## Input data
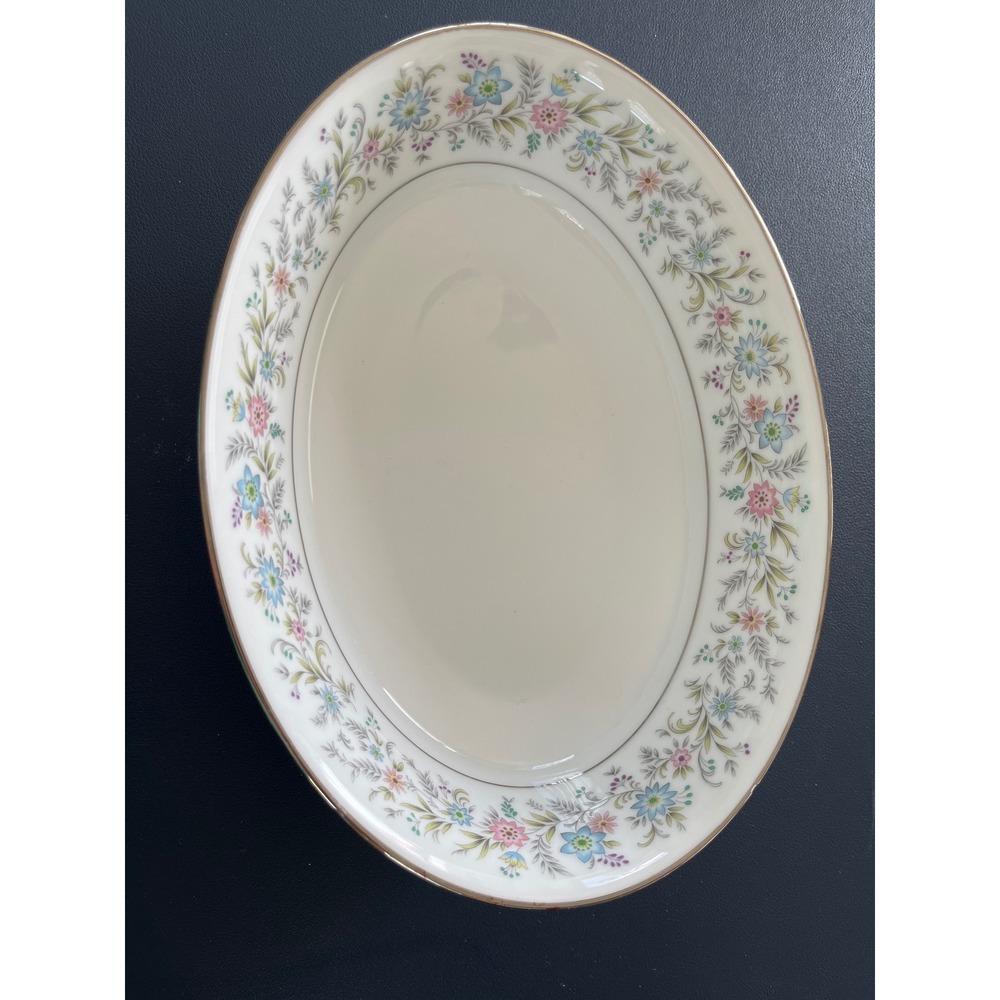Vintage Royal Albert China Plates Set‎ Floral Pink Blue Gold Trim Saucer Dish
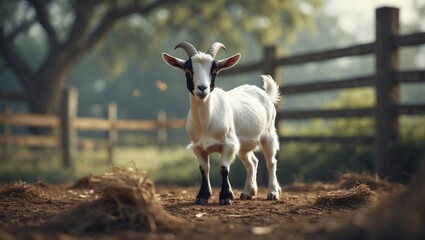 Obraz premium Goats on a farm, animal goat with an adorable face in a rural environment.
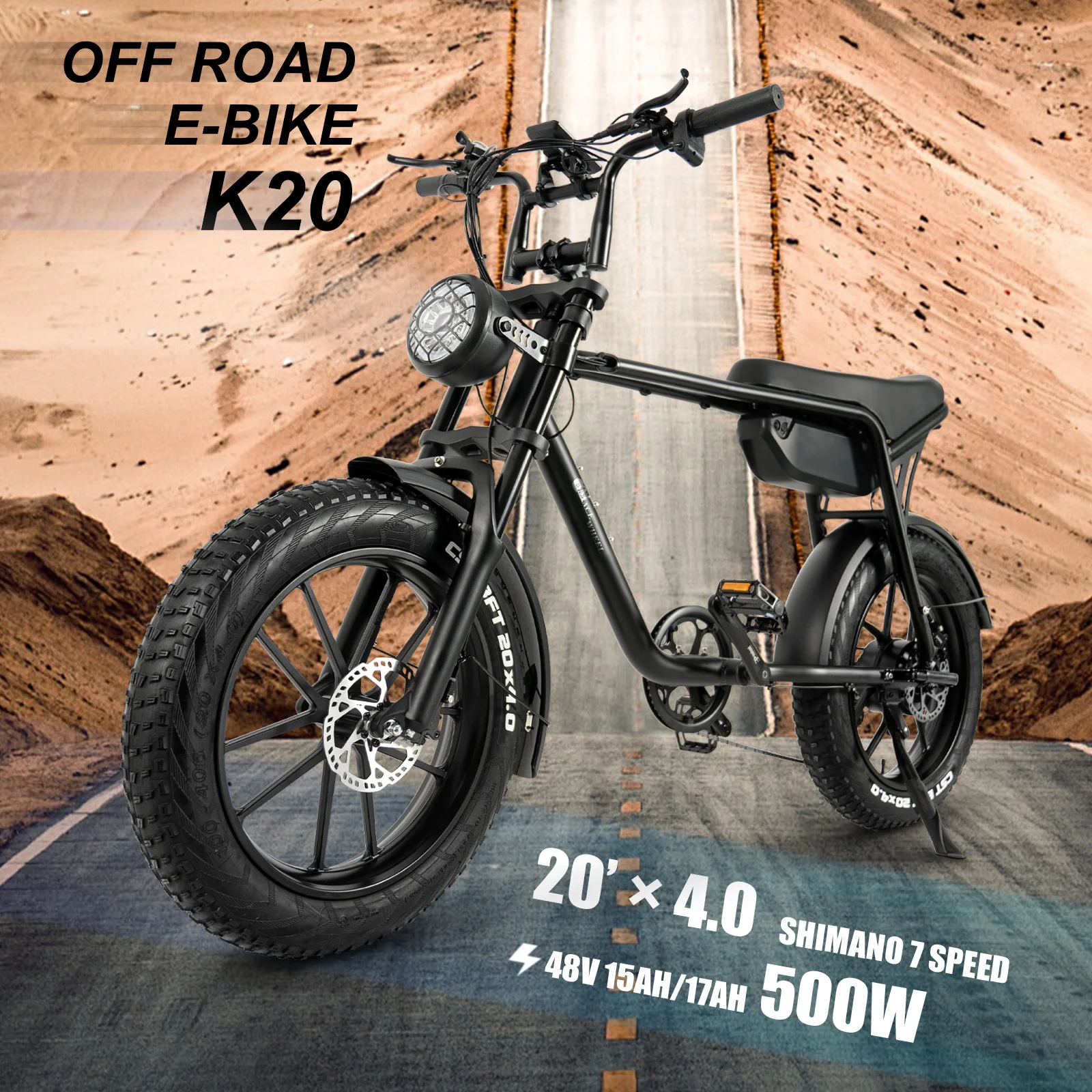 E Bike K20 48v 500w 750w 20ah Electr Dirt Bike Off-road City Ebike Adult Electric Fat Tire Hybrid 20 inch Electric Bicycle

## Required action
Write the material out again word for word and omit any images.

## Task result
Vintage Royal Albert China Plates Set‎ Floral Pink Blue Gold Trim Saucer Dish
 Obraz premium Goats on a farm, animal goat with an adorable face in a rural environment.
 E Bike K20 48v 500w 750w 20ah Electr Dirt Bike Off-road City Ebike Adult Electric Fat Tire Hybrid 20 inch Electric Bicycle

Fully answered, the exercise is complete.